Alan Dershowitz Says Never Believe Someone Who Doesn’t Agree To Be Cross-Examined

( According to retired constitutional law professor Alan Dershowitz, none of the witnesses at the committee hearing on January 6 have been cross-examined, which is a requirement for credibility.

Dershowitz, one of the most seasoned litigators and a longtime criminal law professor, said to “never believe someone who is not cross-examined.”

It’s like sending a basketball team onto the floor and preventing the opposing team from defending. “It’s biased,” Dershowitz said. Do not accept it.

Dershowitz said that if the Republicans chose to serve on the committee had been approved, the House select committee entrusted with examining the Capitol building breach on January 6, 2021, would have been far more credible.

He claimed they would have “asked tough questions, cross-examined, provided contrary evidence, and then the American public could make a decision.”

Dershowitz claimed that the proceedings were being done purely partisanly, much like the House Un-American Activities Committee hearings.

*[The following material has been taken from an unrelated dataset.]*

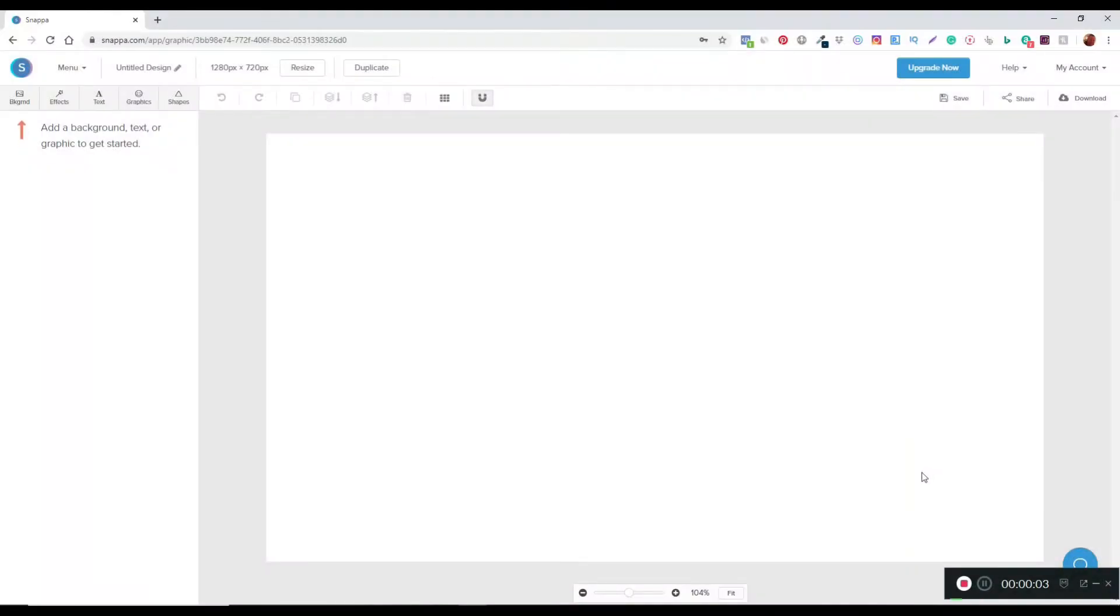In this video I'm going to show you how you can quickly create a text caption image that you can use for your videos using Snapper.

He claimed that the Jan. 6 committee’s objective is to prevent former President Donald Trump from seeking office again.

Dershowitz, a self-described liberal Democrat, said even though he voted twice against President Trump, he wanted to see a fair process and desired a free and fair election.

He also doesn’t want to see partisan manipulation of House committees. He said when he watched the committee on hearings on January 6, the conversation concentrated on threats made to persons throughout the events of the day.

Dershowitz remarked that “it’s incredibly hypocritical” given the threats against conservative Supreme Court justices and their families in light of the likely overturning of the critical 1973 abortion case Roe v. Wade.

He claimed that threats only seem to matter to Democratic leaders if directed at them rather than their opponents. A threat is a threat, and violence is violence, regardless of the target, and we shouldn’t put up with it.

Regarding the Mississippi statute, which prohibits abortions after 15 weeks, Dershowitz feels SCOTUS participated in judicial activism.

He maintains that the court might have simply stated that they hold this act constitutional, with no abortions after 15 weeks and no Roe v. Wade reversing.